You all know where you can get bin bags from. Each group of mates should bring a roll of supermarket bin liners with them to help simplify the mammoth clean-up operation that tirelessly goes on when you have returned to your clean showers, warm beds and cherished toilets. The maths is simple; if your favourite festival needs to spend a load of time clearing up the shit that you leave behind, the more your ticket costs. Just do what is right and play your part; I have a feeling that the current focus on keeping festival sites tidy is going to become central over the coming few years.
For those prepared to take a step further still, there are ranges of more eco-friendly bin bags available. Unfortunately, they tend to be significantly more expensive, but if you are committed, you can have a clear conscience knowing that even your refuse bags are degradable and will not add to the growing plastic plague that is coming increasingly under the world spotlight.
Also, Bloodstock has partnered with the Coca-Cola Company to deal with the collection and recycling of plastic bottles. This will massively help with the clear-up operation, but will also ensure that the bottles will not add to the growing pollution problem.

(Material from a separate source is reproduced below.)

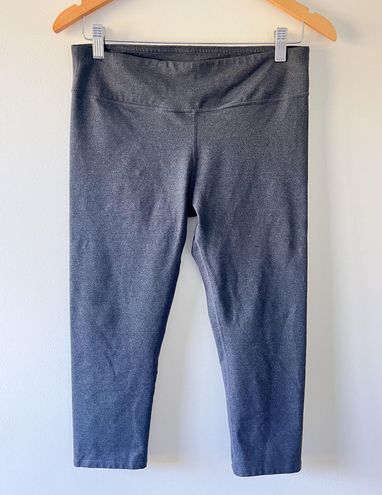 Fabletics Define Powerhold Gray Mid Rise Capri Cropped Leggings Size Medium  - $15 - From Brittany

An inexpensive accessory for those with the best of phones, but worst of luck with the weather (some Festivals are famous for their reliable downpours and mudbaths) will keep your prized smartphone safe in the most severe of downpours and if your tent floods.
I have had one similar to this for a few years and have only needed it a few times, but it the touchscreen of the phone works through it. This may be the wildcard for some, but I wouldn’t go to a wet Festival for a £1,000+ phone (if only I had one!) without something like this.
In the interests of travelling light, plus having one item that serves more than one purpose, the next entry is an option for your festival torch. Getting about is much easier if you can light your way, but why not have one that you can make better use of when searching for that elusive item in your tent.
This torch easily converts into a lantern to hang up in your tent. You could also effortless attach to a carabiner on your keyring to ensure you don’t misplace this too. It is similar to the one I have had for a few years but is an obvious bargain (the one I have has shot up in price).
At the risk of preaching, awareness is rising on the need for everyone to ensure the Festival site is kept cleaner and easier to return to the uncluttered and unlettered open space that it was before you and your rabble of cohorts descended on the site.
These handy litter pickers are another creation that is used in the healthcare world that is also perfectly designed to help keep your beer can mountain under control; they have a magnetised grabber. This is one effective way to avoid unnecessarily close contact with the inevitable wasps that swarm around the carelessly discarded cider cans that the people in the surrounding tents chuck a safe distance away from them… towards you.